Overall I get the feeling that this record comes over faster compared to it's precessor. Partly this comes from the drums. I mean, the guy always was insane. About 90% of the time he gives me the picture of Monster from the Muppet Show, just drumming a beat freakin fast. Which is cool and fun to listen to, but it gets kinda repetitive over time. There is not as much variation present here (like little drum solos or similar). Bass? Don't mention it. It's 'rooting', and often barely heard. Same problem here with the mix as many Metalcore bands have today. Sad but true. The rock solid base the drums present give the guitars more place to shine though, which compensates fot the lack of bass and drum variation.

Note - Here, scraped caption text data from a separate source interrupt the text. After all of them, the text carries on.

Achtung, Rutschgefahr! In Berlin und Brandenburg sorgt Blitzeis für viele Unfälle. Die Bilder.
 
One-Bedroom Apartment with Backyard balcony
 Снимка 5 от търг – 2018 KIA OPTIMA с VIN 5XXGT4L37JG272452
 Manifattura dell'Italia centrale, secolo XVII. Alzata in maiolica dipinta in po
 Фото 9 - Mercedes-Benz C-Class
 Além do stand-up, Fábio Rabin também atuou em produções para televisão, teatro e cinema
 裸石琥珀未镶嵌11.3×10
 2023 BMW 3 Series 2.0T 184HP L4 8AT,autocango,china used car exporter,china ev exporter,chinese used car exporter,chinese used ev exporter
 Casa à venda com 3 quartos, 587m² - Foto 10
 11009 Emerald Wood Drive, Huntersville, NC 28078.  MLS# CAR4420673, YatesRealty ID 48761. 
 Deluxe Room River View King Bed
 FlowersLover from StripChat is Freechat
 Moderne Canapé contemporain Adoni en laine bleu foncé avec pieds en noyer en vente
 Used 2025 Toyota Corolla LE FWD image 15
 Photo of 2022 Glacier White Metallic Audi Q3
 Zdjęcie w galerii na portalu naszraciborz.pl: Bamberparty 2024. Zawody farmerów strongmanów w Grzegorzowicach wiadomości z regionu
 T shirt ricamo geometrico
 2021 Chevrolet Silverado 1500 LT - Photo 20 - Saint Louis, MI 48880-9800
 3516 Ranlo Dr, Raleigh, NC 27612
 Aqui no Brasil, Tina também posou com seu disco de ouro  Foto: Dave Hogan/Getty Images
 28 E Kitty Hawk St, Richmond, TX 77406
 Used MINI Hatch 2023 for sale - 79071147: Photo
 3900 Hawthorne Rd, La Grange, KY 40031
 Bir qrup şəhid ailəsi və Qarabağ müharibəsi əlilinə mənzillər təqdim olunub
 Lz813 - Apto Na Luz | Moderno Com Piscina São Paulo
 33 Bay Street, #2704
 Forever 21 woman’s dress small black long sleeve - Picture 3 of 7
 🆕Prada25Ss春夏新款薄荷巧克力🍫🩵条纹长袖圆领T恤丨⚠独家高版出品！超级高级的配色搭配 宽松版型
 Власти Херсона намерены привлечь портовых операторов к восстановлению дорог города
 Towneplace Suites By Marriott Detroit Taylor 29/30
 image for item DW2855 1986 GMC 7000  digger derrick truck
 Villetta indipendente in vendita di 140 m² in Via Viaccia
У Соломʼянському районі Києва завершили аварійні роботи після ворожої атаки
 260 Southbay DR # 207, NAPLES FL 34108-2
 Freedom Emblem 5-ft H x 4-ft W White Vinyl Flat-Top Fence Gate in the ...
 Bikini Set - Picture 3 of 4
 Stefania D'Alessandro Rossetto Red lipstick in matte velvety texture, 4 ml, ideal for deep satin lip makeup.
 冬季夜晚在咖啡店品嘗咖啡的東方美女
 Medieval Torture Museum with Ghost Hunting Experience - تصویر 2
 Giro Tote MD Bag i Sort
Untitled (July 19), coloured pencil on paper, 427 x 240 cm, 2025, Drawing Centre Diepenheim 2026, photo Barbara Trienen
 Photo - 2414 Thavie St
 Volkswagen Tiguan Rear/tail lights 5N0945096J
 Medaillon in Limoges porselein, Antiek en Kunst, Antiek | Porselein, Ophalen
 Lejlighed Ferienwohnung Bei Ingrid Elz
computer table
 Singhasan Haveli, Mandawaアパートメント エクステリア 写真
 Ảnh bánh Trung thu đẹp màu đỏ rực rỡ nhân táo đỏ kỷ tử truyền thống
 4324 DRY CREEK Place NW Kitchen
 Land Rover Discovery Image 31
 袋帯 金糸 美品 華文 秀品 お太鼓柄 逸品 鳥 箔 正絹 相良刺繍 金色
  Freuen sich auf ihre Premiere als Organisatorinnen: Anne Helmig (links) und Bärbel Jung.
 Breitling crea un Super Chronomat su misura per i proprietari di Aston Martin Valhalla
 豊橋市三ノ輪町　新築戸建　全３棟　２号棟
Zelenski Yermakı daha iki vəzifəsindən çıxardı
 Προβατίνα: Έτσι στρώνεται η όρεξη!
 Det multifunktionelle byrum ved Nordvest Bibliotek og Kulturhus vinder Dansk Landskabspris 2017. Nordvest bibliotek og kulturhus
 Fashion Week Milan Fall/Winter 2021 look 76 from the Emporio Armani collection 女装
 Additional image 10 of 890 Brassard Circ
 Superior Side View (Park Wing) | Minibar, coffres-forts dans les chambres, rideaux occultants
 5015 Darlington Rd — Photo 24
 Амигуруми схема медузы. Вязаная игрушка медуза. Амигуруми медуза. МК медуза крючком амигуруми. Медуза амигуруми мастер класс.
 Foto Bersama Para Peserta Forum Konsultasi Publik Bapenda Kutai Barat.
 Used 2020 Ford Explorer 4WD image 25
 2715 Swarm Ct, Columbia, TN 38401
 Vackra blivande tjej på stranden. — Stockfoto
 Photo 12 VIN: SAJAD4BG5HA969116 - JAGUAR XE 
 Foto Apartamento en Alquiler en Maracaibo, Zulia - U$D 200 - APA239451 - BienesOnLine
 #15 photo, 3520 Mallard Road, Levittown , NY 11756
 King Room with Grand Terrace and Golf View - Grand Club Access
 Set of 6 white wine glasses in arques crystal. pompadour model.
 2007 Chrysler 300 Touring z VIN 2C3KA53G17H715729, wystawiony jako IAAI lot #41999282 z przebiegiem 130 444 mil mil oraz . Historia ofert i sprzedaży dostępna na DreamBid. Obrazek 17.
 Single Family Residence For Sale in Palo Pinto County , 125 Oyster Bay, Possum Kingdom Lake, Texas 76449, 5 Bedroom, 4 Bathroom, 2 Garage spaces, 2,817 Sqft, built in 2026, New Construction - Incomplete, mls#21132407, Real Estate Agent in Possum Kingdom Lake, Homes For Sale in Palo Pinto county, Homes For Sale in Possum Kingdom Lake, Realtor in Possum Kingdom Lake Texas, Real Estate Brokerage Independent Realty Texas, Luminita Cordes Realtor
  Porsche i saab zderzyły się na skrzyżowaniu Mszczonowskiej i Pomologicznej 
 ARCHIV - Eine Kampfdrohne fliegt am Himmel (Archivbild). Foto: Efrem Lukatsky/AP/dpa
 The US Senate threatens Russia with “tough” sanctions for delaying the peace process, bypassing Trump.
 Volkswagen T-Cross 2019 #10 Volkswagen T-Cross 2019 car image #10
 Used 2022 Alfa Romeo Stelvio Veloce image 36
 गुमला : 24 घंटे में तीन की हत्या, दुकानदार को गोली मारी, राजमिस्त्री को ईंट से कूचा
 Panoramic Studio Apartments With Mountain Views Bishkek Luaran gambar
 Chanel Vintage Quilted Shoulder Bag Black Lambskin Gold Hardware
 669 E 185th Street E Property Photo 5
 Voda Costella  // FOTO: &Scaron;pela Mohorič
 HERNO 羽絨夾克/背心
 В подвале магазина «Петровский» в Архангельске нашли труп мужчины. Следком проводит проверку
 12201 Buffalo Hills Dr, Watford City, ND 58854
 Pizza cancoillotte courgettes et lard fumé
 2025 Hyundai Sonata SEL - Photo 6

The grammar and setup of the lyrics could be better here and there, some mistakes make me cringe a bit. And I'm not a native speaker... The topics of the songs are nothing groundbreaking new either, criticism of the economy and society, the personal disputes with 'friends' and 'fakes'. Could be worse though, and the lyrics sure are honest. What really is a downer though are some overused elements in the songs. I'm especially thinking of the many breaks that are intending to make you believe the song is over. Just to go on after a second or two. It adds to most of the songs, and works absolutely on the individual songs. Over the length of the record it's a bit too much here and there, as this comes up in a lot of the twele tracks.
Adding all this up: With "Sound of the Republic" Raised Fist present a great 'comeback' after 4 years of vacation. The use of new melodic elements (guitar as well as vocals), solid production and almost neverending energy transported by the tracks makes this a great record. Even with said flaws. Interested in modern Hardcore that still knows where the roots are? This could be for you. If you are looking for a lot of variation in singing and vocal melodies though, you might want to look somewhere else. Either you can arrange yourself with Alles performance, or leave this alone. As the vocals are pretty similar on all tracks, chances are you hate them always if you can't stand em on one track. Otherwise you're in for a great time.
I give this nothing less than 4.5/5. The band stays true to their sound and remain individual, while still progressing with their work. Excellent!